We're going to start our look at Ann-Margret's career this month with where most people started their looks at Ann-Margret's career. The redheaded actress made high-profile films before this feature, including Pocketful of Miracles with Bette Davis and the Rodgers & Hammerstein musical State Fair with Pat Boone, but it was 1963's Bye Bye Birdie that turned Ann-Margret from a prominent supporting player into a genuine movie star. The all-American girl with clearly a little mischief in her eye, her work here would turn her overnight into an icon, a new sex symbol for the post-Marilyn era, one that would be so prominent that decades later her work would be central to an episode of Mad Men. But what was it about Bye Bye Birdie that made Ann-Margret so intoxicating? Let's investigate.

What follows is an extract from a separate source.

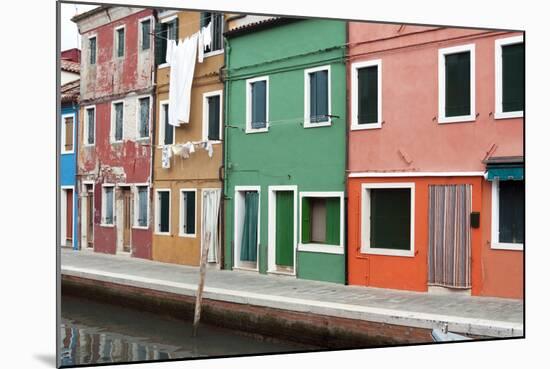 Houses on the waterfront, Burano, Venice, Veneto, Italy.-Nico Tondini-Mounted Photographic Print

(Spoilers Ahead) The film is a musical, largely inspired by the real-life decision of Elvis Presley to join the army. Here, an Elvis-like figure named Conrad Birdie (Pearson) is drafted, and before he goes into the military, they decide to have one last appearance of Birdie on The Ed Sullivan Show. Songwriter Albert Peterson (van Dyke) is down-on-his-luck, and so his girlfriend Rosie (Leigh) convinces Sullivan (playing himself in the movie) to use one of Peterson's songs for the show for Conrad to sing (therefore making him a fortune). Rosie intends to do this so that perhaps Albert will marry her, though he's unable to break free of his mother Mae's (Stapleton) shadow. As part of the appearance, they run a contest that will have a local girl being sung to by Conrad, and he'll kiss her in the end, and this girl is Kim (Ann-Margret), who wants to kiss him even though her boyfriend Hugo (Rydell) is jealous.

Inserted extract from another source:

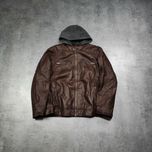 MĘSKA EkoSKÓRA Kurtka Skórzana Guess USA PREMIUM z Kapturem Ocieplona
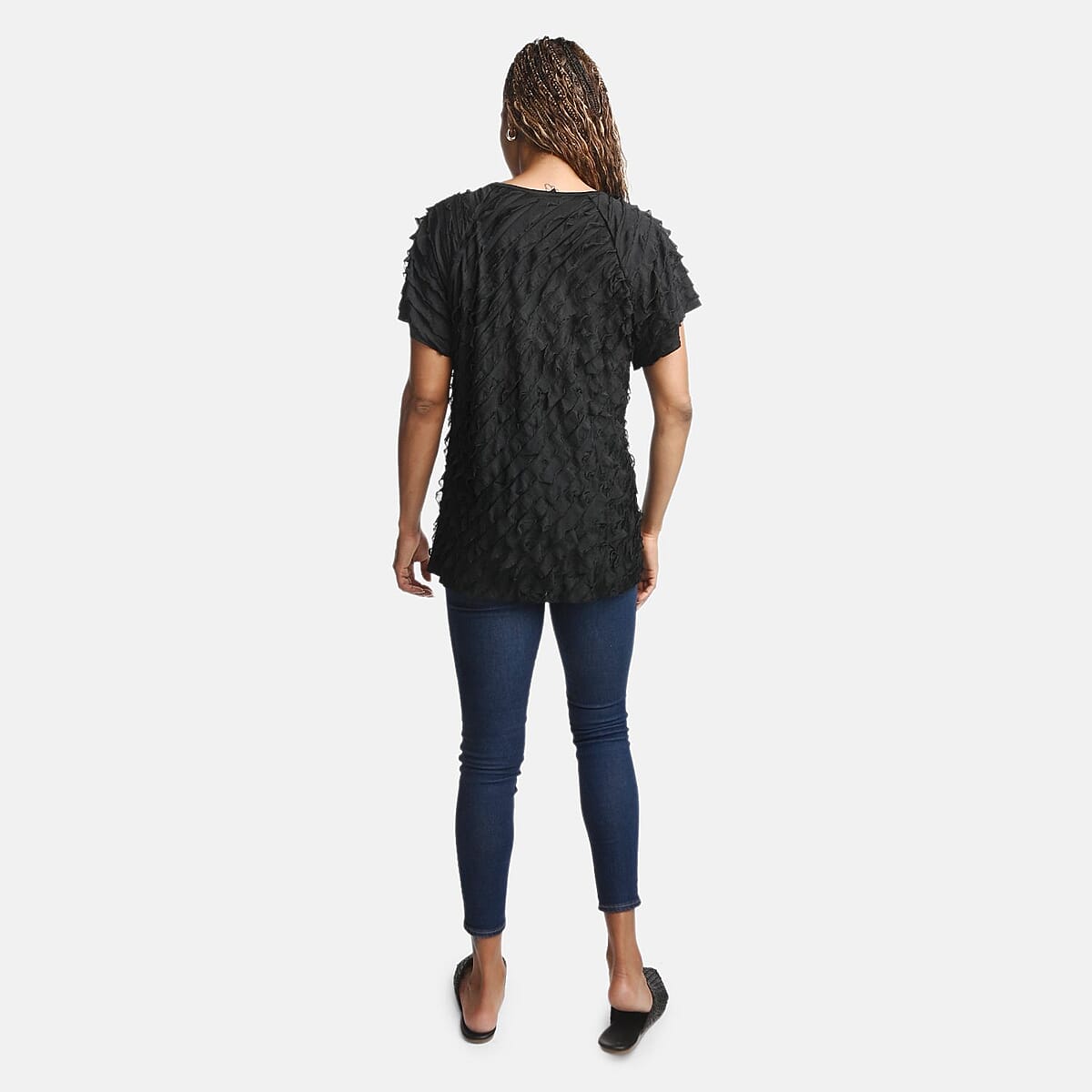 BRITANY BLACK Black Stretch Tiered Ruffle Short Sleeve Top - S image number 1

Things unfold as I think you'd imagine based on the plot. In the end, both Kim & Rosie get their men, as well as success, though Conrad never gets his kiss (Hugo punches the singer on live television). The musical is cute, and I liked some of the numbers, particularly the ridiculously sexual ones that Pearson is forced to sing as Conrad Birdie (Pearson is so much fun in this movie). I'm not wild about Dick van Dyke's movie roles during this era (he was a very big star) even if I love him as a celebrity (then & always), and that's true here-he's too one-note, and it's kind of hard to imagine what va-va-voom Janet Leigh, smart & sexy as Rosie, sees in him, but it's a musical so it's time to suspend some belief. The sound was also Oscar-nominated, and while Birdie's numbers have an elevated quality I liked, the rest is more middle-of-the-road pleasures.
And as for Ann-Margret? Yeah, I get the draw. The movie actually opens on the actress singing the title song, seemingly as if she's on a treadmill running forward against a blank blue screen. It's weird-she's a good singer, but not a great one, but it works so well. She's intoxicating, alluring, magnetic. It's hard to imagine what this must have been like to watch for the first time in 1963 (we have, in retrospect, the knowledge that Ann-Margret would become a legend), as it's pretty much a textbook example of star power in its rawest form. The rest of the movie never quite lives up to that jaw drop of an opening act, but Ann-Margret is an actress who can command the screen, and I'm excited to see what she does with our three other films this month.